_Activity_:
The expected response is the complete listing below, restated exactly, with its pictures omitted.

_Dataset_:
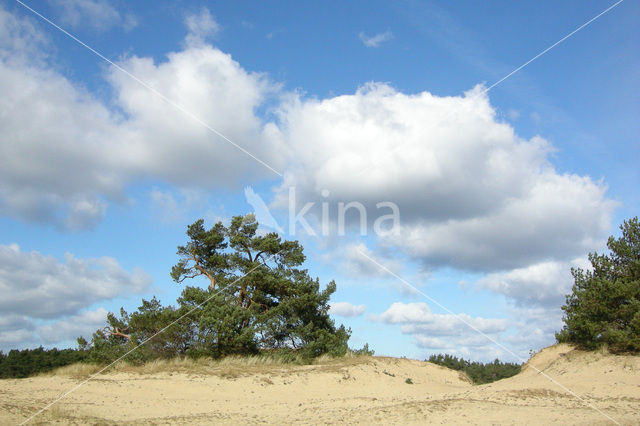 Grove den (Pinus sylvestris)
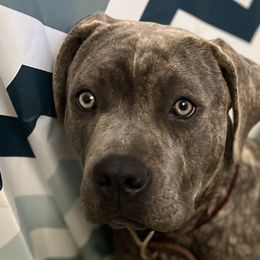 Aussiedoodles, Companion Crosses, and Poodles from BoujeeDoodles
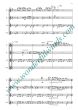 Ventimiglia Quartetto for 2 Flutes in C, Alto Flute and Bass Flute Score and Parts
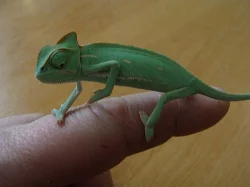 Chameleon jemenský (Chamaeleo calyptratus)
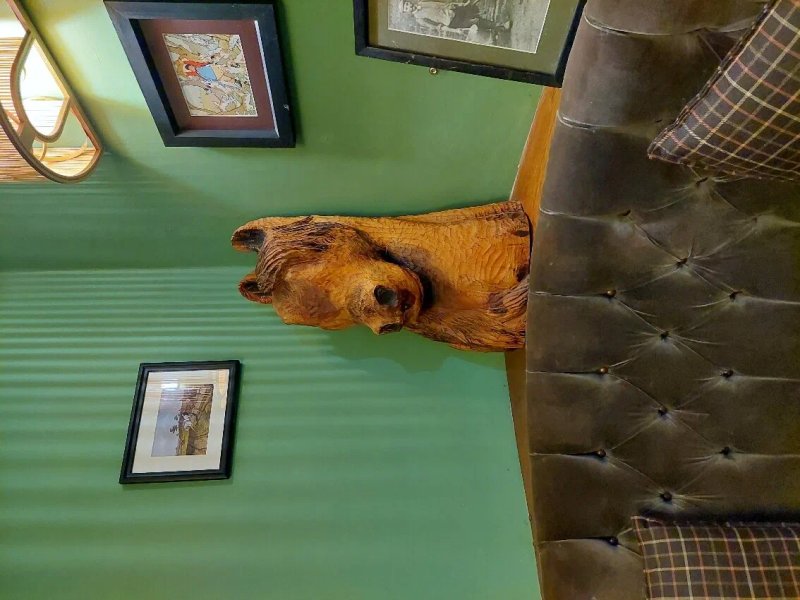 Dog and Partridge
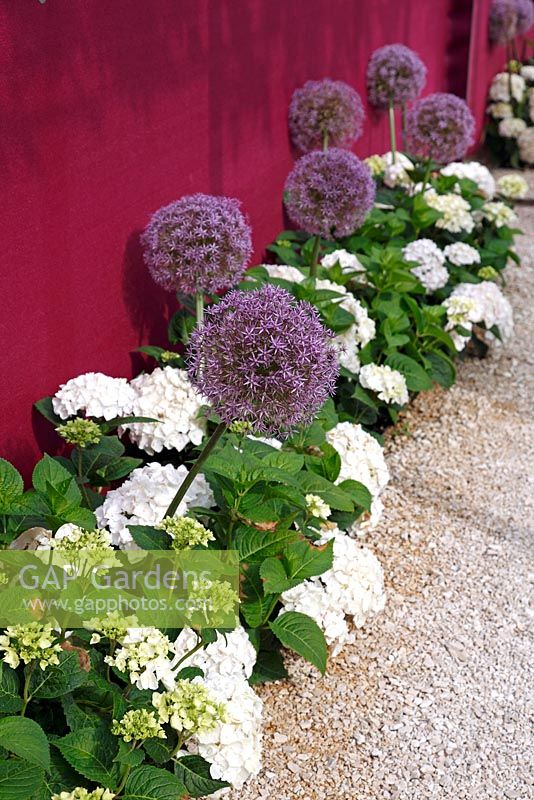 Allium and Hydrangeas in a small bed in front of a purple screen, June, Sigmaringen, Germany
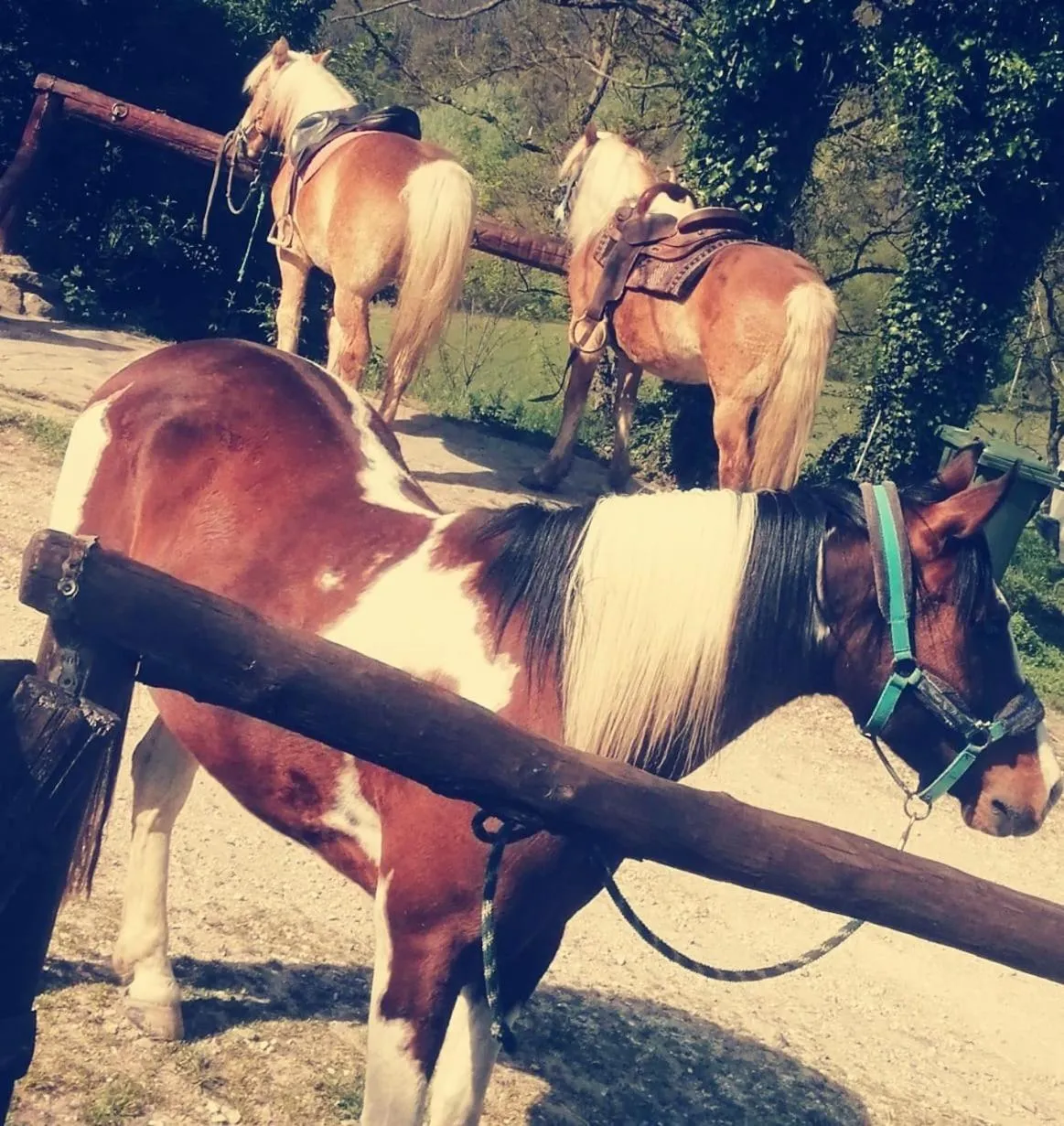 Monte Termine Country House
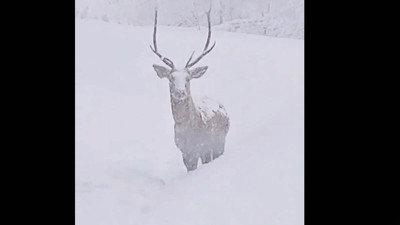 Karla kaplı dağda görüntülendi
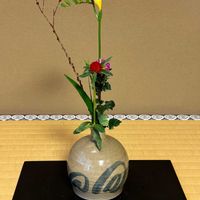 センニチコウ,フリージアの画像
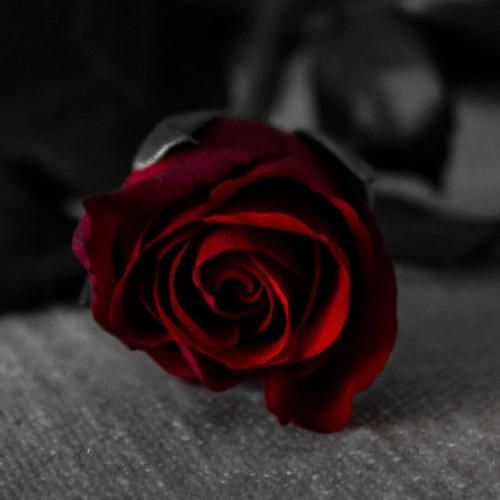 دانلود آهنگ ببین چی ساختی تو از منه دیوونه که الان این شدم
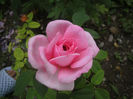 PICT0317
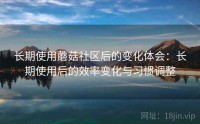 长期使用蘑菇社区后的变化体会：长期使用后的效率变化与习惯调整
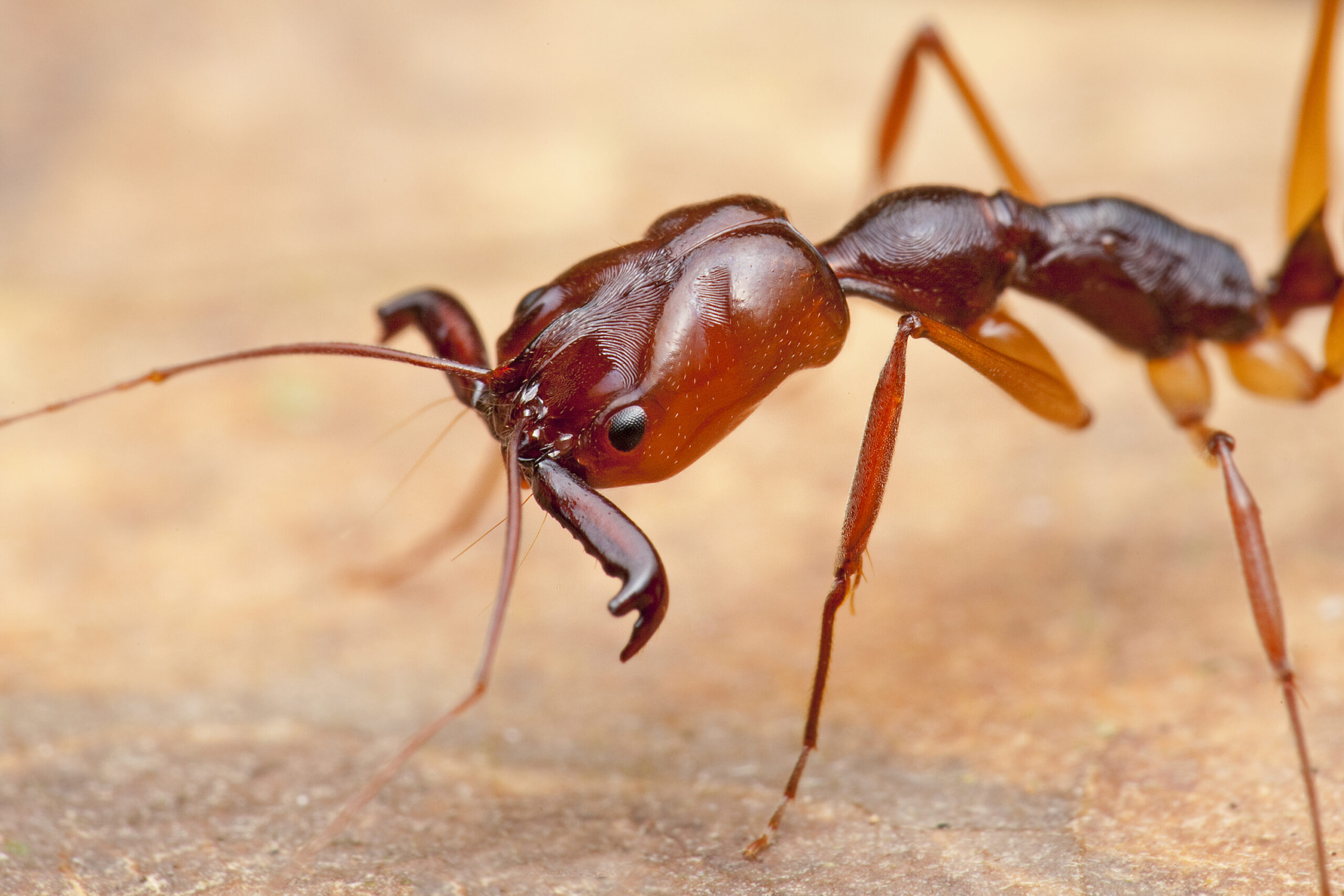 image: A trap jaw ant of the genus Odontomachus. Photograph courtesy Melvyn Yeo.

_Answer box_:
 Grove den (Pinus sylvestris)
 Aussiedoodles, Companion Crosses, and Poodles from BoujeeDoodles
 Ventimiglia Quartetto for 2 Flutes in C, Alto Flute and Bass Flute Score and Parts
 Chameleon jemenský (Chamaeleo calyptratus)
 Dog and Partridge
 Allium and Hydrangeas in a small bed in front of a purple screen, June, Sigmaringen, Germany
 Monte Termine Country House
 Karla kaplı dağda görüntülendi
 センニチコウ,フリージアの画像
 دانلود آهنگ ببین چی ساختی تو از منه دیوونه که الان این شدم
 PICT0317
 长期使用蘑菇社区后的变化体会：长期使用后的效率变化与习惯调整
 image: A trap jaw ant of the genus Odontomachus. Photograph courtesy Melvyn Yeo.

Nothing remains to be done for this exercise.